President Joe Biden, however, is a staunch supporter of the ACA, which became law while he was vice president.
Sweetening the offer
Georgia is one of 12 states that so far have chosen not to expand their Medicaid programs as outlined by the ACA. But the newly approved COVID-19 relief legislation gives those states enhanced financial incentives to adopt expansion.
States that expand the program at this point would receive an additional 5-percentage-point increase in their regular federal Medicaid matching rate for two years. So over that time, even factoring in the costs of implementing expansion, Georgia would net $700 million under the new incentives, according to the Kaiser Family Foundation.
The Kemp waiver plan, as outlined now, is much less ambitious. It would cost $75 million for the first year and cover just 31,000 low-income adults, according to the consumer advocacy group Georgians for a Healthy Future. The federal match under the Kemp waiver plan would be the regular 67% of the cost.
A standard expansion would give Medicaid eligibility to 480,000 to 600,000 people in the state, said Laura Colbert, the group’s executive director.
“Medicaid expansion has always been the moral and cost-effective choice for Georgia,” she said recently. The new incentive package, she said, “just amplifies that choice.”

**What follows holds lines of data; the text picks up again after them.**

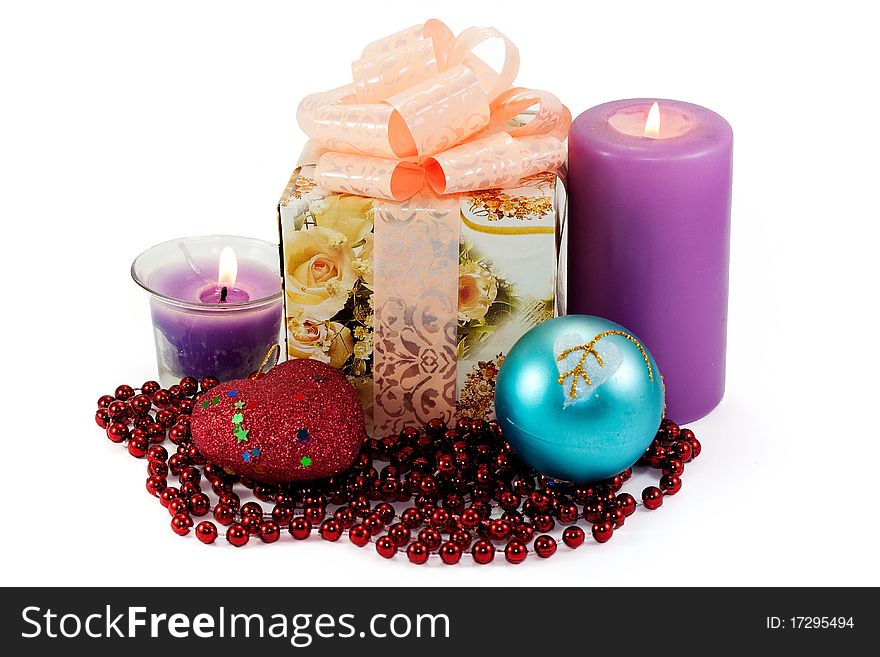 Christmas gift, candles and Christmas decorations isolated on white background. Christmas gift, candles and Christmas decorations isolated on white background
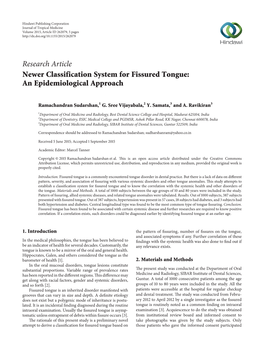 Newer Classification System for Fissured Tongue: an Epidemiological Approach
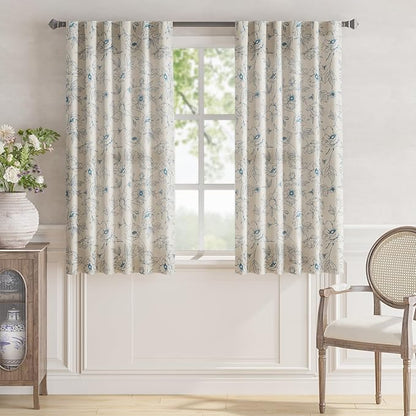 jinchan Floral Linen Curtains for Living Room 63 Inch Length Blue Flower Curtain Rod Pocket Back Tab Farmhouse Curtains with Printed Floral Bedroom Window Curtain Set, 2 Panels Blue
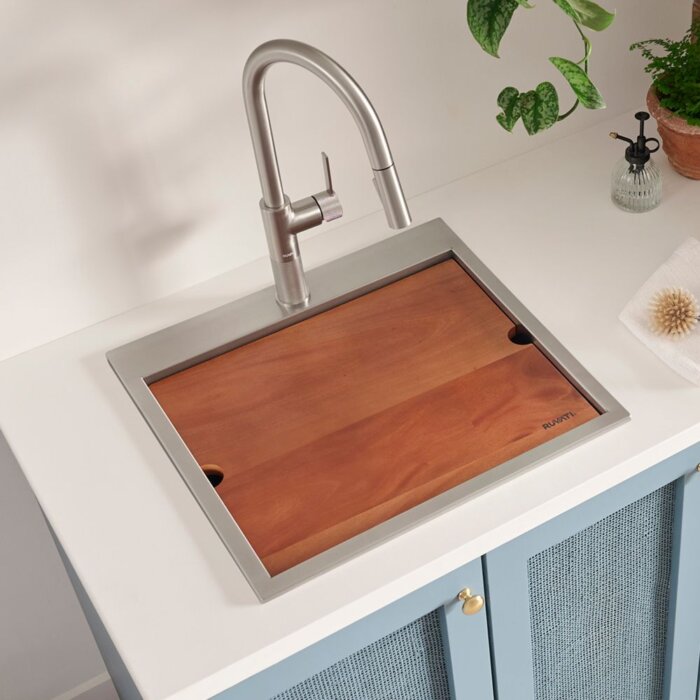 Alto Ruvati 21 x 20 x 12 inch Drop-in Topmount Laundry Utility Workstation Sink 16 Gauge Stainless Steel – Model# RVU6421
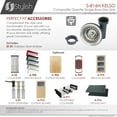 thumbnail image 3 of Stylish Dual Mount 16" White Composite Granite Single Bowl Kitchen Sink with Strainer S-816H, 3 of 7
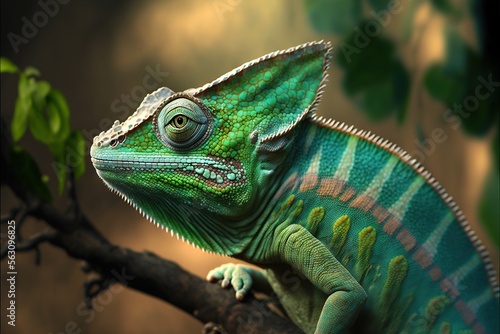 A green chameleon sitting on a tree branch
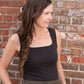 Sarah Square Neck Tank- Washed Black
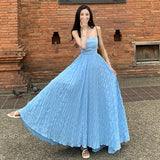 Super Fairy Design Sense Of Summer Waves Blue Pure Lust Wind Holiday Wind Bare Back To Show Thin Skirt Slings Long Skirts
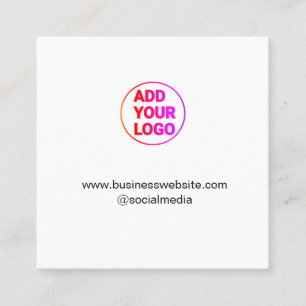 enkelt, minimalt lägga till logotyp/designvattenf fyrkantigt visitkort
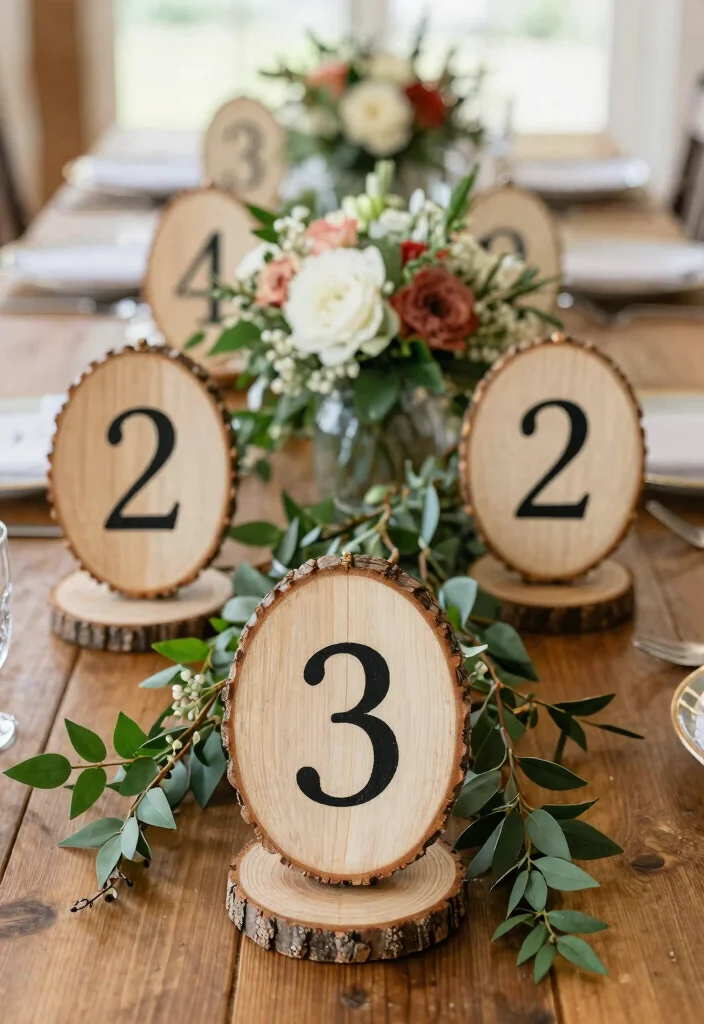 15 Rustic Wedding Decor Ideas That Will Leave Your Guests in Awe (You Won't Believe #8!) - 13. Table Number Signage 1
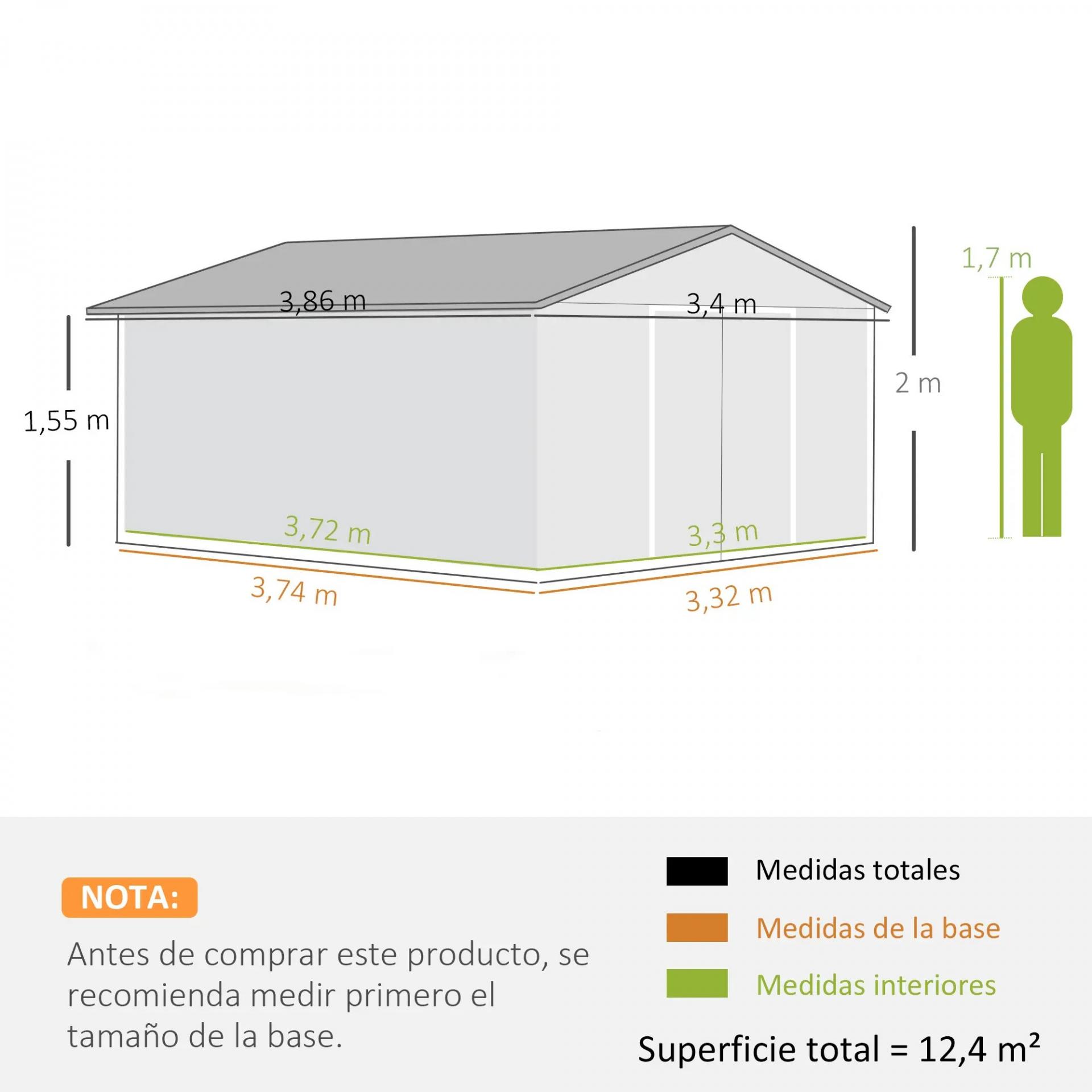 Cobertizo de Jardín Exterior 12,4 m² 340x386x200 cm con Puerta Corredera Techo Inclinado y 4 Ventanas Marrón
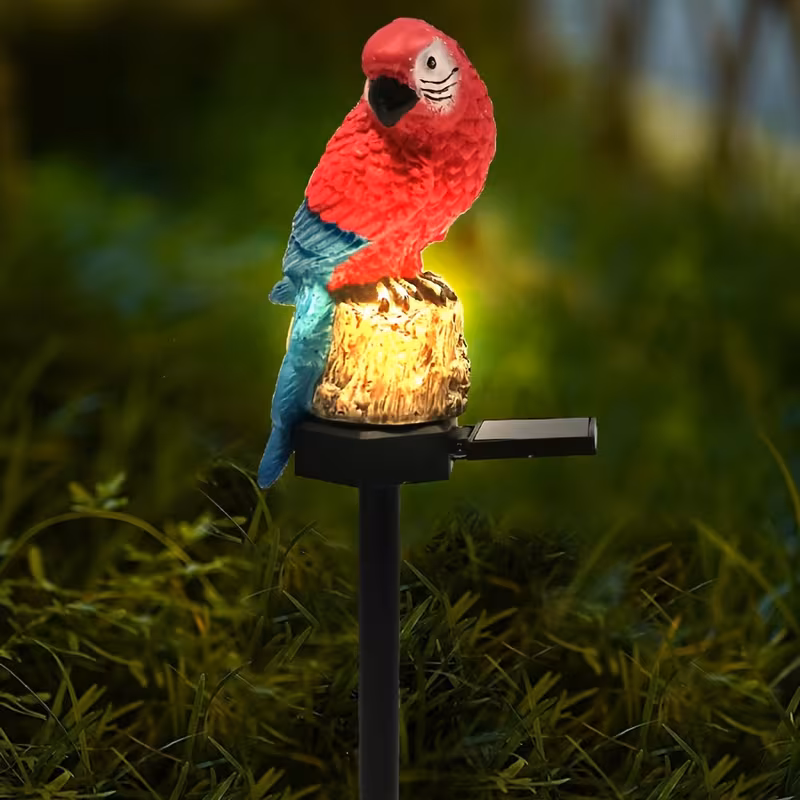 solar powered parrot garden stake light vibrant red blue resin outdoor decorative lighting with natural wood perch for lawns and landscapes parrot decor Product details 0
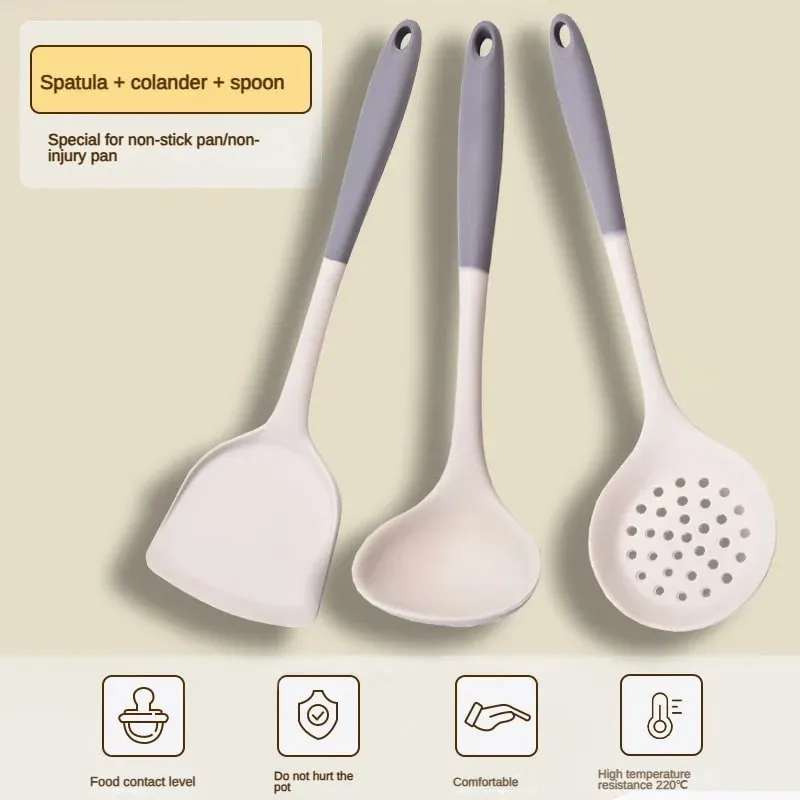 Juego de 1/2/3/4 espátula de silicona gris y blanca, juego de cuchara para sopa, sartén antiadherente, herramientas de cocina, kit de cocina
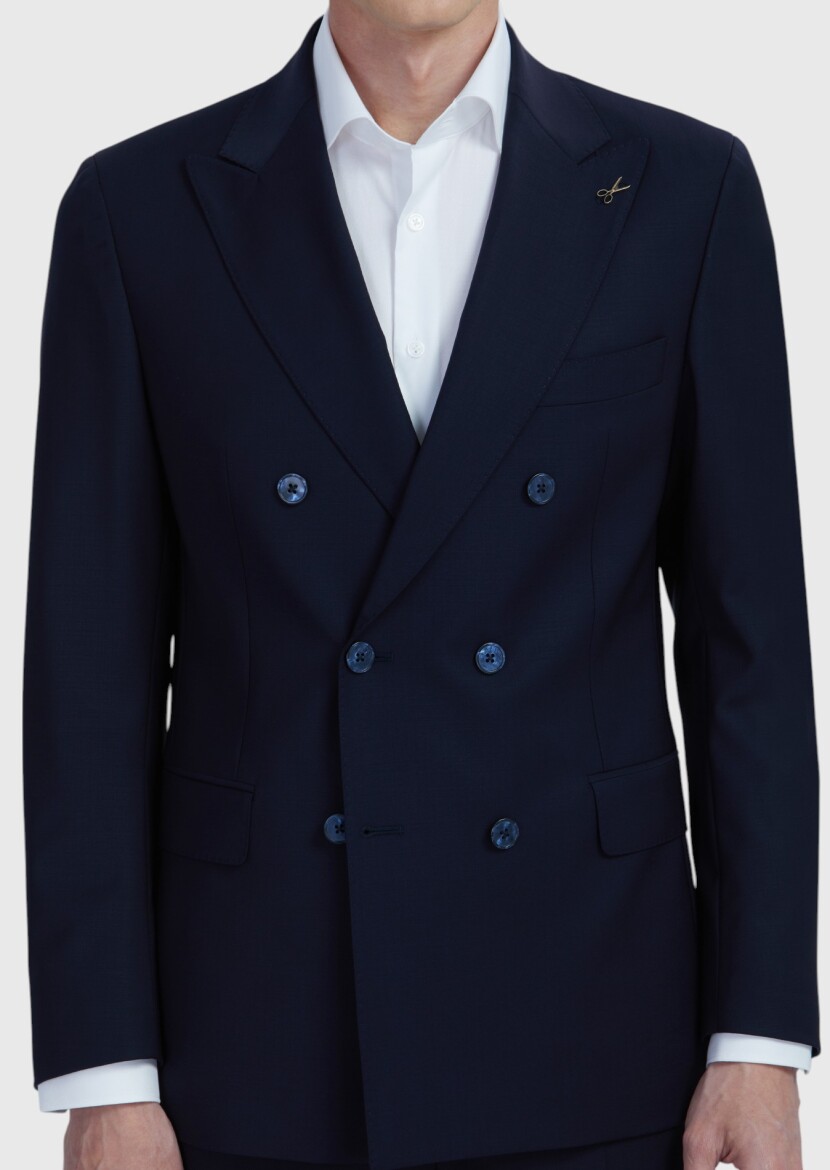 Navy Blue Plain Wool Blended Suit - 3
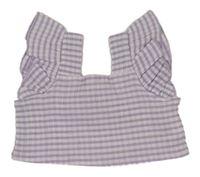 Lila-bílý pruhovaný crop top Shein
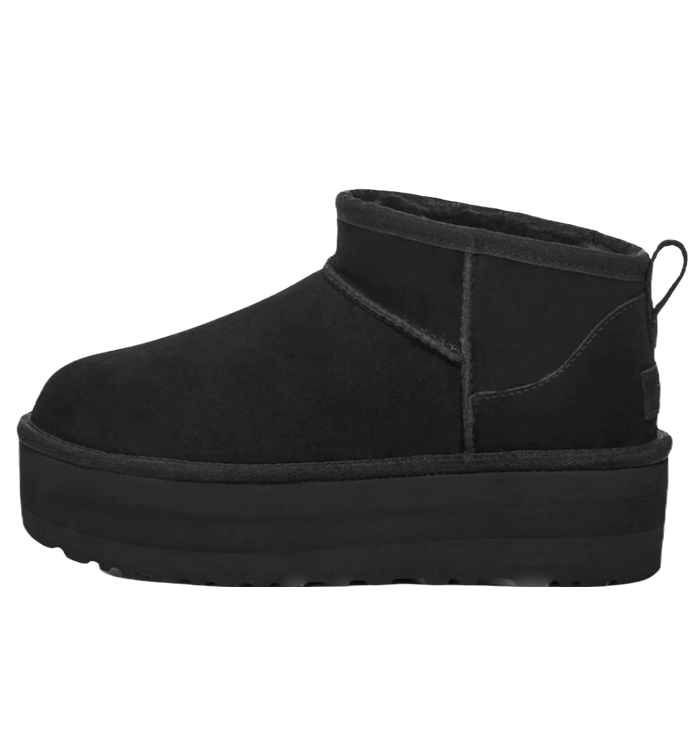Not On The Shelf - Ugg Classic Ultra Mini Platform 'Black' - Ugg Classic Ultra Mini Platform boots in sleek black.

Democrats, including Georgia’s newly elected U.S. Sens. Jon Ossoff and Raphael Warnock, have pointed to the state’s potential gains under Medicaid expansion, including helping hospitals and other medical providers.
“If Georgia does not expand Medicaid,” Warnock recently told The Atlanta Journal-Constitution, “then we are literally leaving money on the table that could save the lives of Georgians.”
Andy Miller is editor and CEO of Georgia Health News.